WORK INSTRUCTION ::
What are the lines, copied exactly, from the one containing "SOGA 2X 2 Tier" through the final line of the material? Leave the pictures out.

PROVIDED DATA ::
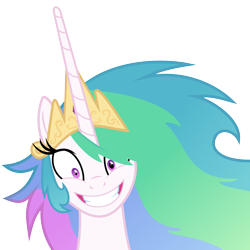 Size: 6000x6000 | Tagged: safe, artist:magister39, character:princess celestia, species:pony, absurd resolution, female, grin, insanity, looking at you, mare, messy mane, mismatched eyes, rapeface, simple background, smiling, snaplestia, solo, transparent background, vector, wide eyes, yandere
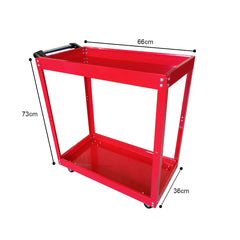 SOGA 2X 2 Tier Tool Storage Cart Portable Service Utility Heavy Duty Mobile Trolley Red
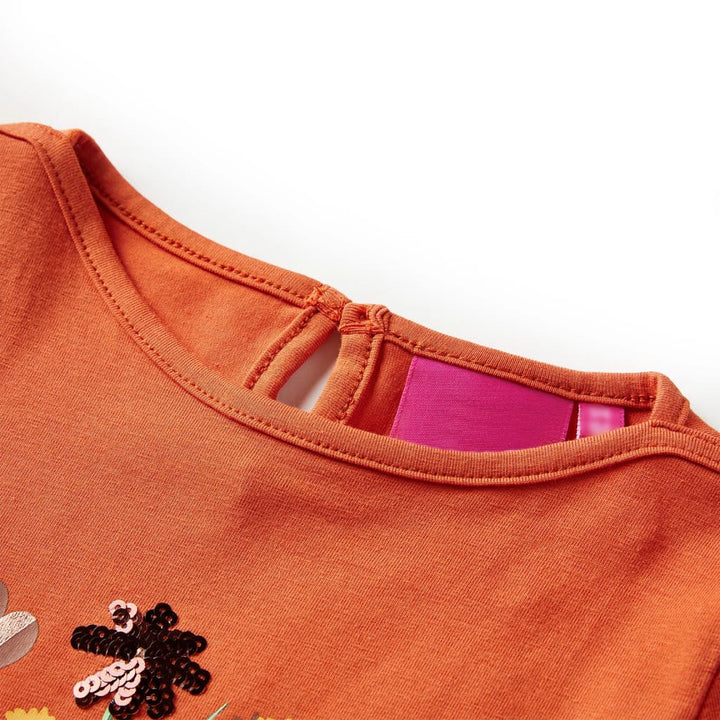 Kindershirt met lange mouwen bloemenprint 128 oranjebruin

SOLUTION FOR THIS PROBLEM ::
 SOGA 2X 2 Tier Tool Storage Cart Portable Service Utility Heavy Duty Mobile Trolley Red
 Kindershirt met lange mouwen bloemenprint 128 oranjebruin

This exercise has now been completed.